LEGAL13 min read

How to Get an Agricultural Tie or Occupancy Condition Removed from Land in the UK

Agricultural ties can significantly restrict land value and use. This comprehensive guide explains how to legally remove occupancy conditions from UK property and land.

# How to Get an Agricultural Tie or Occupancy Condition Removed from Land in the UK

An agricultural tie or occupancy condition can reduce a property's value by 30-50% and severely limit who can live there. If you own land or a dwelling subject to these restrictions, removing them could unlock significant value and broaden your pool of potential buyers. But the process isn't straightforward, and success isn't guaranteed.

This comprehensive guide explains what agricultural ties are, why they exist, the legal routes to removal, and realistic success rates based on 2026 case law and planning guidance.

What Is an Agricultural Tie or Occupancy Condition?

An agricultural occupancy condition (commonly called an "agricultural tie") is a planning restriction attached to a dwelling that limits who can occupy it. These conditions typically state that the property can only be occupied by someone employed in agriculture or forestry, or their dependants.

A typical agricultural tie reads something like:

"The occupation of the dwelling shall be limited to a person solely or mainly employed, or last employed, in the locality in agriculture as defined in section 336(1) of the Town and Country Planning Act 1990, or in forestry, or a widow or widower of such a person, and to any resident dependants."

These restrictions are imposed under Section 106 of the Town and Country Planning Act 1990 (or its predecessors) when planning permission is granted for new agricultural dwellings.
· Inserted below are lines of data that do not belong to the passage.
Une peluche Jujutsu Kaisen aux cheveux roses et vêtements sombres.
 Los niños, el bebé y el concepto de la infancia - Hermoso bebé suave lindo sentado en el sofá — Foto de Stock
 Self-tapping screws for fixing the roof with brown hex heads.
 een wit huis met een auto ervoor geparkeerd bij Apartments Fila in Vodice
They can also appear as conditions on the original planning consent.

Why Agricultural Ties Exist

Local planning authorities impose agricultural ties to:

  • Prevent speculative residential development in countryside locations where normal housing wouldn't be permitted
  • Ensure agricultural workers have access to affordable rural housing
  • Maintain the "special justification" for allowing isolated dwellings in protected countryside
  • Control development in Green Belt and Areas of Outstanding Natural Beauty (AONB)

Without the agricultural tie, planning permission for the dwelling would likely have been refused entirely.

Types of Agricultural Restrictions

Not all agricultural restrictions are identical. Understanding which type applies to your property affects your removal strategy:

Section 106 Agreements

These are legal agreements between the landowner and local planning authority, registered as land charges. Section 106 agreements are binding on future owners and can only be modified or discharged through formal application to the council.

Planning Conditions

Conditions attached directly to planning permissions under Section 70 of the Town and Country Planning Act 1990. These can be varied through Section 73 applications or removed via Section 73A.

Restrictive Covenants

Occasionally, agricultural restrictions appear as private covenants in property deeds. These are separate from planning restrictions and require different legal remedies, often through the Lands Tribunal.

Important: Check your Land Registry title documents and planning history to identify exactly which type of restriction applies.

The Financial Impact of Agricultural Ties

Before pursuing removal, understand the potential value uplift:

  • Rural England (2026 data): Unrestricted rural dwellings typically sell for £425,000-£650,000, while equivalent properties with agricultural ties sell for £250,000-£400,000
  • Welsh countryside: The discount averages 35-40%
  • Scottish agricultural properties: Ties reduce value by 25-45% depending on proximity to employment centres

Removing an agricultural tie on a typical three-bedroom farmhouse in the Cotswolds, for example, could add £150,000-£200,000 to the property value. This makes the cost and effort of the removal process worthwhile for many owners.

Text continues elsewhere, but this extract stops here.